EKONOMİ - 22 Ağustos 2025 Cuma 09:58

Çalışma Genel Müdürü Baş, 8. Dönem Toplu Sözleşme sürecini değerlendirdi

A
A
A
Çalışma Genel Müdürü Baş, 8. Dönem Toplu Sözleşme sürecini değerlendirdi

Çalışma ve Sosyal Güvenlik Bakanlığı Çalışma Genel Müdürü Dr. Mehmet Baş, 8. Dönem Toplu Sözleşme sürecine ilişkin değerlendirmelerde bulunarak, "Kazanımları genele esas olarak tüm herkesin faydalanabileceği bir şekilde dağıtmaya çalıştık" dedi.

Yaklaşık 4 milyon memur ve 2 buçuk memur emeklisini ilgilendiren 8. Dönem Toplu Sözleşme sürecinde takvim işliyor. Kısmi anlaşma ile biten müzakere sürecinin sonucunda 11 hizmet kolunda anlaşma sağlanırken, genele ilişkin zam teklifinde ise uzlaşma sağlanamadı.

Takvime göre, 1 Ağustos’ta başlayan süreçte 19 Ağustos tarihi ile müzakereler sona erdi. Bu kapsamda, Çalışma Genel Müdürü Mehmet Baş, İhlas Haber Ajansı’na (İHA) sürece ilişkin değerlendirmelerde bulundu. Baş, 8. Dönem Toplu Sözleşmede elde edilen kazanımlar ve Kamu Görevlileri Hakem Kurulu’nun işleyişine dair soruları da yanıtladı.
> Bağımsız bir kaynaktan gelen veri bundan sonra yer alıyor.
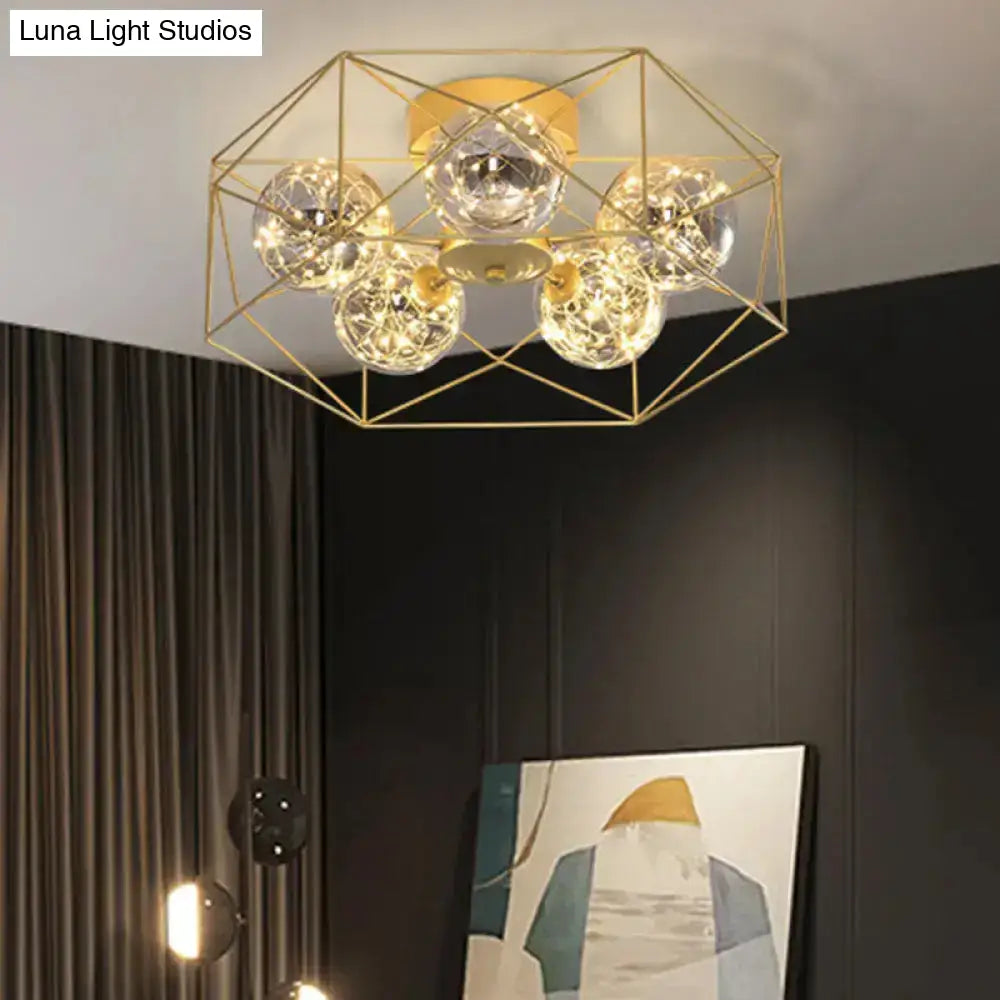 DecorBites™ DecorBites™ Smoke Grey Glass Orb Ceiling Light with Metal Hexagonal Cage - Simple 5-Head Gold Finish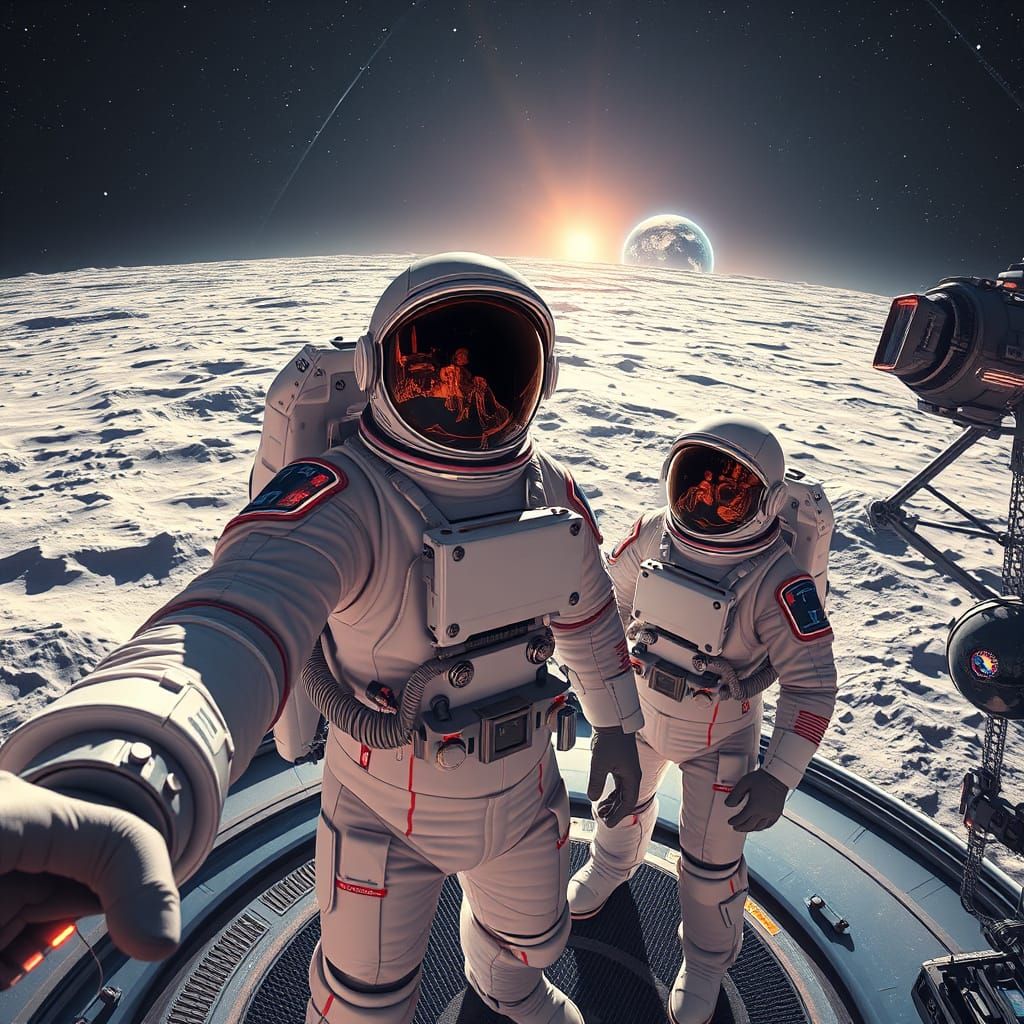 Lunar Space Base with Futuristic View of Europe and Earth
"Toplu Sözleşmede Toplam bin 48 talep geldi"

Sürecin, 28 Temmuz’da yapılan bir hazırlık toplantısıyla başladığını hatırlatan Baş, bu toplantının sürecin yol haritasını çizme toplantısını olduğunu ve yasal olarak sürecin 1 Ağustos’ta başladığını ifade etti.
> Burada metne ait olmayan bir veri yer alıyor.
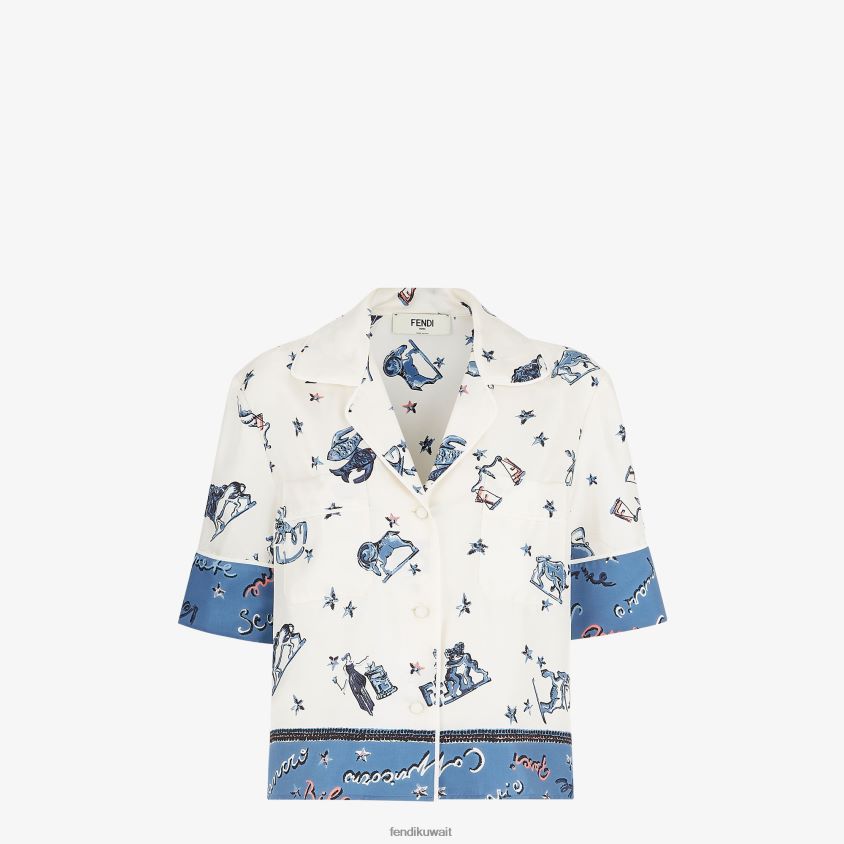 Fendi أزرق نحيف قميص من الحرير RTJZ982 ثياب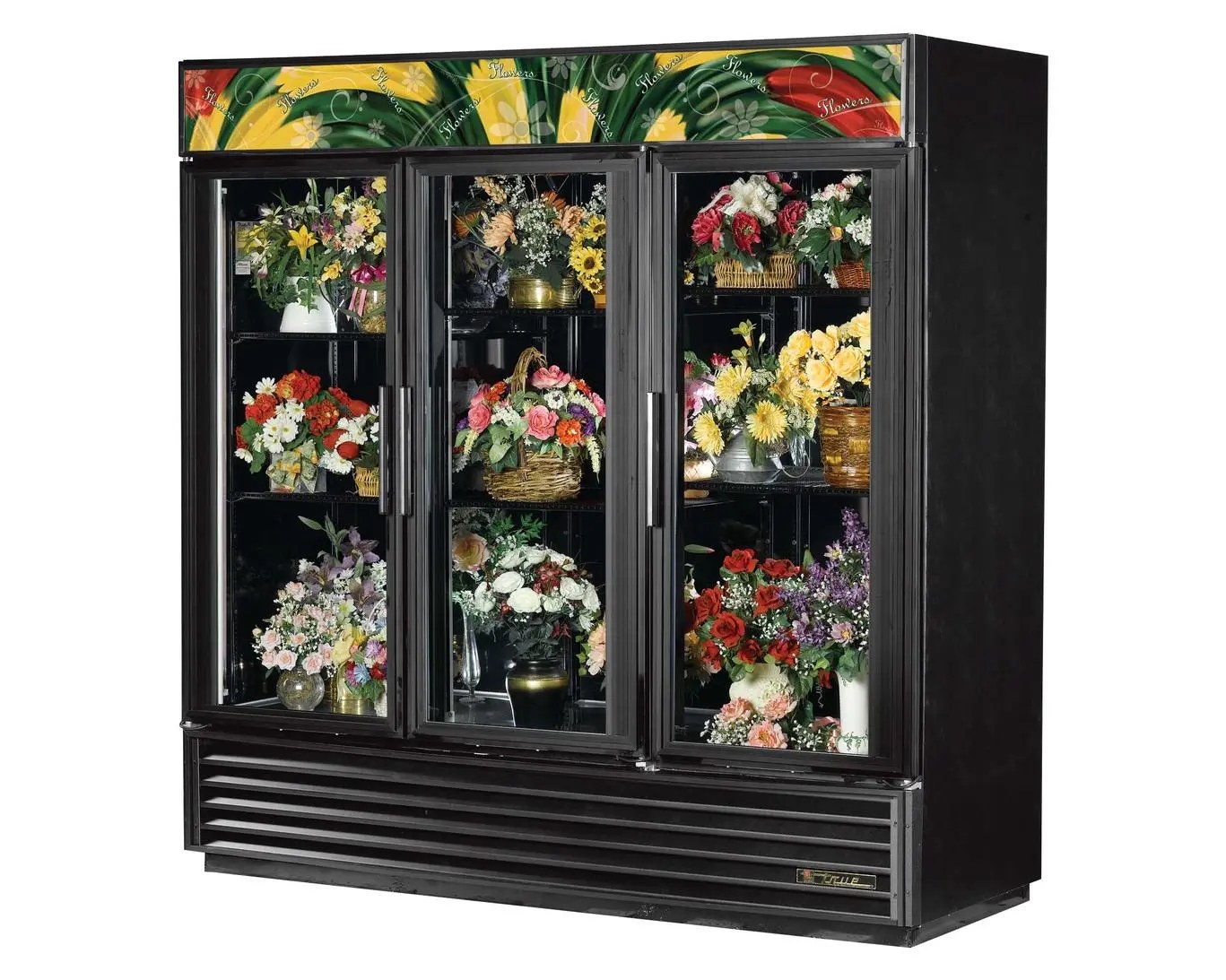 True GDM72FCHCTSL01 72 Cu.Ft Floral Display Cooler 3 Swing Glass Doors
Baş, 1 Ağustos itibarıyla 8. Dönem Toplu Sözleşme çalışmalarına başladıklarını aktararak, "Yaklaşık bin 48 talep geldi bu dönem. Daha önceki dönemden de kalanları eklediğimizde değerlendirme yapmamız üzere bin 107 talep geldi. 1 Ağustos itibariyle tek tek sendikalarımızla oturup önce bir tasnif çalışması yaptık. Yaklaşık dört, beş gün geceli gündüzlü yapmış olduğumuz bu çalışmada tasniflerimizi tamamladıktan sonra müzakere sürecine geçtik ki bu genelde çalışmalarımızı bu şekilde yürütüyoruz. Müzakerelerimiz de yaklaşık bir hafta sürdü. Hem hizmet kolları bazında hem de geneli üzerinde yapmış olduğumuz müzakereler sonucunda da bir noktaya geldik. Maddeler üzerinde anlaşabildiklerimiz oldu, anlaşamadıklarımız oldu" ifadelerine yer verdi.
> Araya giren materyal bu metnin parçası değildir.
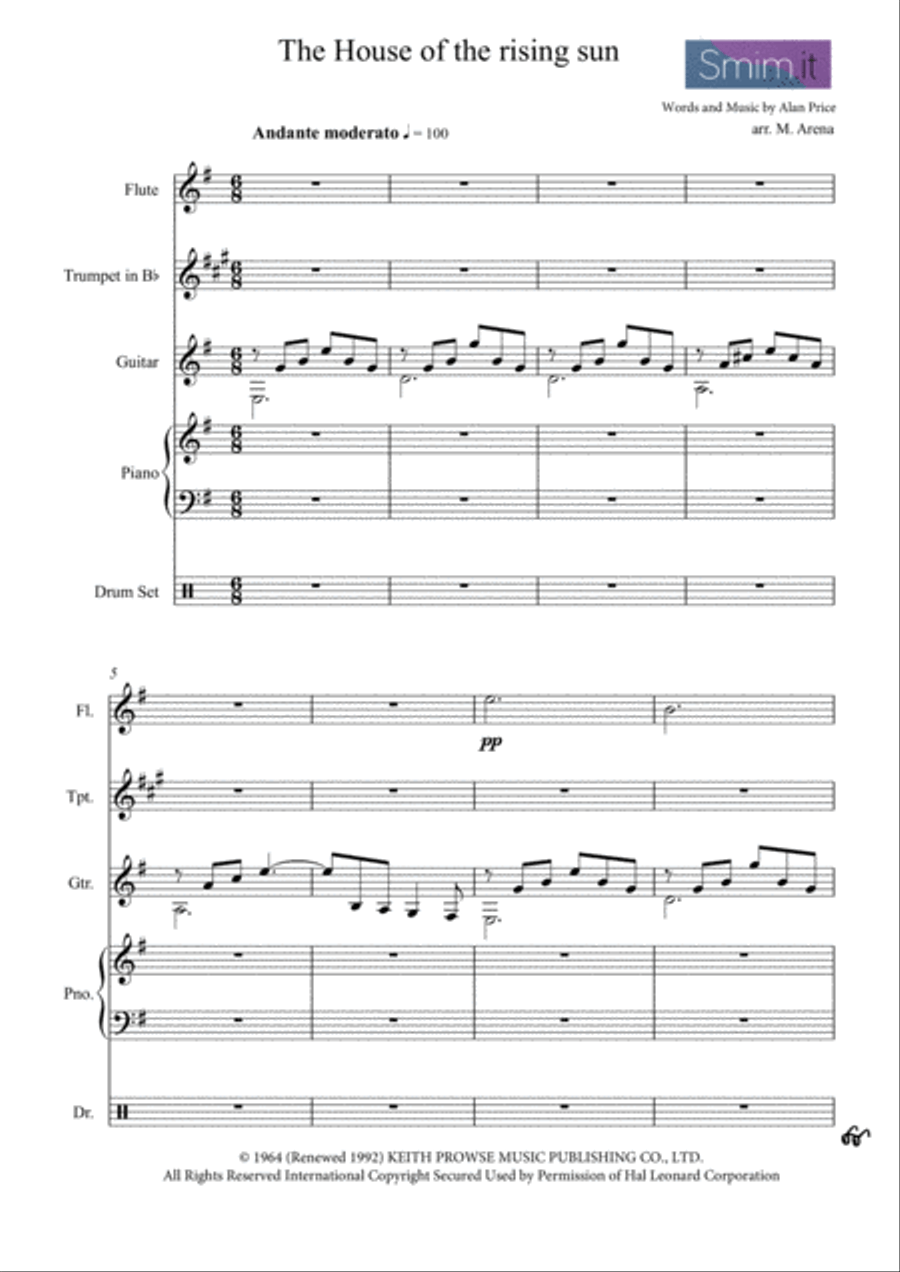 The House Of The Rising Sun Flute scores gallery preview page 1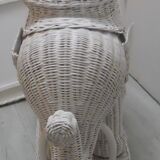 Rattan side table elephant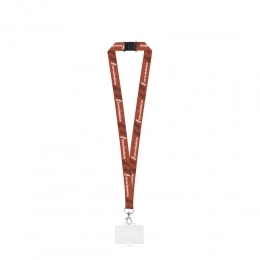 CARLISLE. Polyester sublimation lanyard with carabiner, safety clasp, and rigid card holder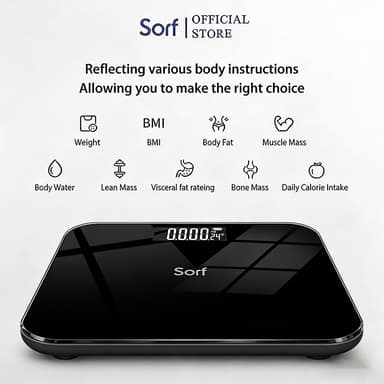 Sorf เครื่องชั่งน้ำหนักดิจิตอล​ Weight Scale​ ตาชั่งน้ำหนัก​ ที่ชั่งน้ำหนัก​ BMI 180KG​ LED​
"Bizi en çok mutlu eden 11 hizmet kolumuzun tamamında anlaşmayla sonuçlanması oldu"

Müzakerelerin ardından 12 Ağustos’ta Çalışma ve Sosyal Güvenlik Bakanı Vedat Işıkhan Başkanlığındaki Kamu İşveren Heyeti’nin ilk teklifini sunduğunu hatırlatan Baş, bu teklife ek olarak iyileştirilmiş olarak ikinci teklifin ve taban aylığa bin liralık zam teklifinin sunulduğunu hatırlattı.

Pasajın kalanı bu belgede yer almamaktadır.